Honduras is a country broken by the chronic inequality that has excluded young people from the centers of economic and cultural opportunity, forcing them to survive on the margins of society, with the violence and inscrutability of the gangs. With the foundation, in 1989, of Xibalbá, Itsmania Pineda created a space and an opportunity where young people have the chance to change their lives and channel their artistic energies into different socially beneficial projects. With these activities they are able to discover new identities, based on admiration and respect from the community.

During her childhood in Comayagüela, on the periphery of Tegucigalpa, Itsmania Pineda was part of the expansion of the youth organizations that are recognized all over Central America by the name of maras. Those brotherhoods were originated in the United States as a reaction to the violence related to inter-ethnic and economic factors that created conflicts inside the immigrant community. With the deportation of their leaders and members, the gangs were reproduced in their native territories. In 1989, along with a group of artists and community activists, inspired on the Mayan idea of the labyrinth-like essence of the human spirit, Itsmania founded the Xibalbá Art and Culture. Honduran youth, despised and excluded because of their way of dressing and their gang symbols, found, in Xibalbá, a place to develop their creative and cooperative potential, participating, for example, in a series of concerts and art marathons. Since then, they were able to express themselves, showing their sensibilities, and responding in benefit to social needs. The repercussions of those manifestations helped to melt the masks of public prejudice and gave the young people from Xibalbá a prestige that travels far beyond the Honduran national borders.

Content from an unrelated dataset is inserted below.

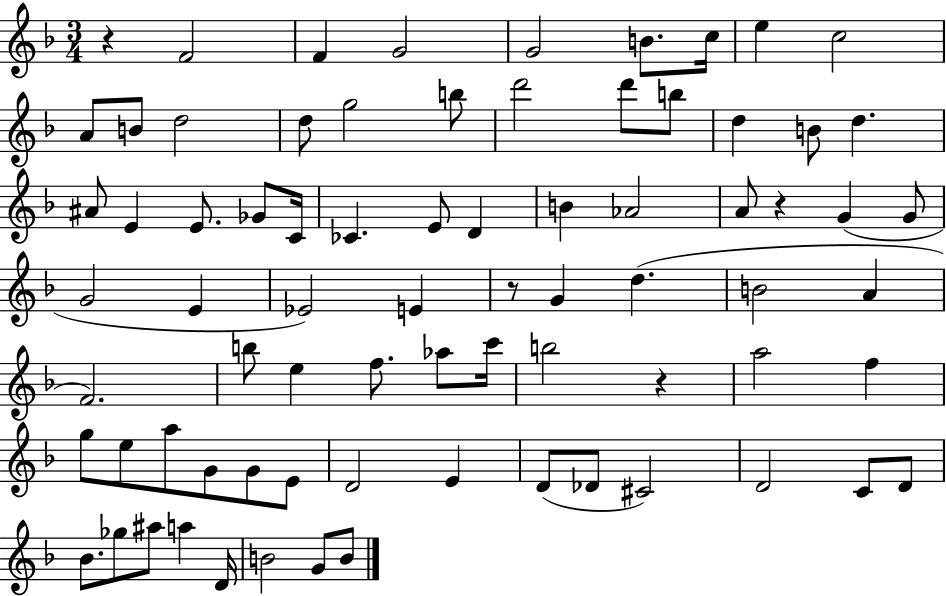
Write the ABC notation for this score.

In her book ‘Why I joined the gangs,’ Itsmania–officially named by the Honduran courts as the only expert and adviser in the interpretation of tattoos–approached the dynamics of the youth gangs from a panoramic vision, which she gained due to her privileged experience. The book acted as immediate stimuli for the international mechanisms of solidarity and is considered of inestimable value to the field of social science. “If the youth can function together to give a violent response to situations, they can act together in order to respond with their art.”